Correspondance de Voltaire/1759/Lettre 3743

Correspondance de Voltaire/1759
Correspondance : année 1759GarnierŒuvres complètes de Voltaire, tome 40 (p. 5-7).

3743. — À M. ***[1].
Aux Délices, 5 de janvier.

Il n’est pas moins nécessaire, mon très-cher ami, de prêcher la tolérance chez vous que parmi nous. Vous ne sauriez justifier, ne vous en déplaise, les lois exclusives ou pénales des Anglais, des Danois, de la Suède, contre nous, sans autoriser nos lois contre vous. Elles sont toutes, je vous l’avoue, également absurdes, inhumaines, contraires à la bonne politique ; mais nous n’avons fait que vous imiter. Je n’ai pu, par vos lois, acheter un tombeau on Sichem. Si un des vôtres croit devoir préférer, pour le salut de son âme, la messe au prêche, il cesse aussitôt d’être citoyen, il perd tout, jusqu’à sa patrie. Vous ne souffririez pas qu’aucun prêtre dît sa messe à voix basse, dans une chambre close, dans aucune de vos villes. N’avez-vous pas chassé des ministres qui ne croyaient pas pouvoir signer je ne sais quel formulaire de doctrine ? n’avez-vous pas exilé, pour un oui et un non, de pauvres memnonistes pacifiques, malgré les sages représentations des États-Généraux, qui les ont accueillis ? n’y a-t-il pas encore un nombre de ces exilés, tranquilles dans les montagnes de l’évêché de Bâle, que vous ne rappelez point ? n’a-t-on pas déposé un pasteur, parce qu’il ne voulait pas que ses ouailles fussent damnées éternellement ? Vous n’êtes pas plus sages que nous, convenez-en, mon cher philosophe, et avouez en même temps que les opinions ont plus causé de maux sur ce petit globe que la peste ou les tremblements de terre. Et vous ne voulez pas qu’on attaque, à forces réunies, ces opinions ! N’est-ce pas faire un bien au monde que de renverser le trône de la superstition, qui arma dans tous les temps des hommes furieux les uns contre les autres ? Adorer Dieu ; laisser à chacun la liberté de le servir selon ses idées ; aimer ses semblables, les éclairer si l’on peut, les plaindre s’ils sont dans l’erreur ; ne prêter aucune importance à des questions qui n’auraient jamais causé de troubles si l’on n’y avait attaché aucune gravité : voilà ma religion, qui vaut mieux que tous vos systèmes et tous vos symboles.

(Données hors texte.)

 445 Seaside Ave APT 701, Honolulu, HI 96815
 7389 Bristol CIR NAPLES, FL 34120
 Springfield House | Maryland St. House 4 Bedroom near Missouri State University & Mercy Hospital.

Je n’ai lu aucun des livres dont vous me parlez, mon cher philosophe ; je m’en tiens aux anciens ouvrages qui m’instruisent ; les modernes m’apprennent peu de choses. J’avoue que Montesquieu manque souvent d’ordre, malgré ses divisions en livres et en chapitres ; que quelquefois il donne une épigramme pour une définition, et une antithèse pour une pensée nouvelle ; qu’il n’est pas toujours exact dans ses citations ; mais ce sera à jamais un génie heureux et profond, qui pense et fait penser. Son livre devrait être le bréviaire de ceux qui sont appelés à gouverner les autres. Il restera, et les folliculaires seront oubliés.

Quant à tous vos écrits sur l’agriculture, je crois qu’un paysan de bon sens en sait plus que vos écrivains qui, du fond de leur cabinet, veulent apprendre à labourer les terres. Je laboure, et n’écris pas sur le labourage. Chaque siècle a eu sa marotte. Au renouvellement des lettres, on a commencé par se disputer pour des dogmes et pour des règles de syntaxe ; au goût pour la rouille des vieilles monnaies ont succédé les recherches sur la métaphysique, que personne ne comprend. On a abandonné ces questions inintelligibles pour la machine pneumatique et pour les machines électriques, qui apprennent quelque chose : puis tout le monde a voulu amasser des coquilles et des pétrifications. Après cela on a essayé modestement d’arranger l’univers, tandis que d’autres, aussi modestes, voulaient réformer les empires par de nouvelles lois. Enfin, descendant du sceptre à la charrue, de nouveaux Triptolèmes veulent enseigner aux hommes ce que tout le monde sait et pratique mieux qu’ils ne disent. Telle est la succession des modes qui changent ; mais mon amitié pour vous ne changera jamais.

  1. Nous donnons cette pièce dans la Correspondance, comme elle est dans les éditions de Kehl et de Beuchot.